▸ THE PROBLEM:
Give back the full data, unchanged and complete.

BEGIN GIVEN INFORMATION

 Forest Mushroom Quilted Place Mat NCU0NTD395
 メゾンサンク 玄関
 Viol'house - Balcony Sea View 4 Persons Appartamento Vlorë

END GIVEN INFORMATION

▸ REPLY TO THE TASK:
 Forest Mushroom Quilted Place Mat NCU0NTD395
 メゾンサンク 玄関
 Viol'house - Balcony Sea View 4 Persons Appartamento Vlorë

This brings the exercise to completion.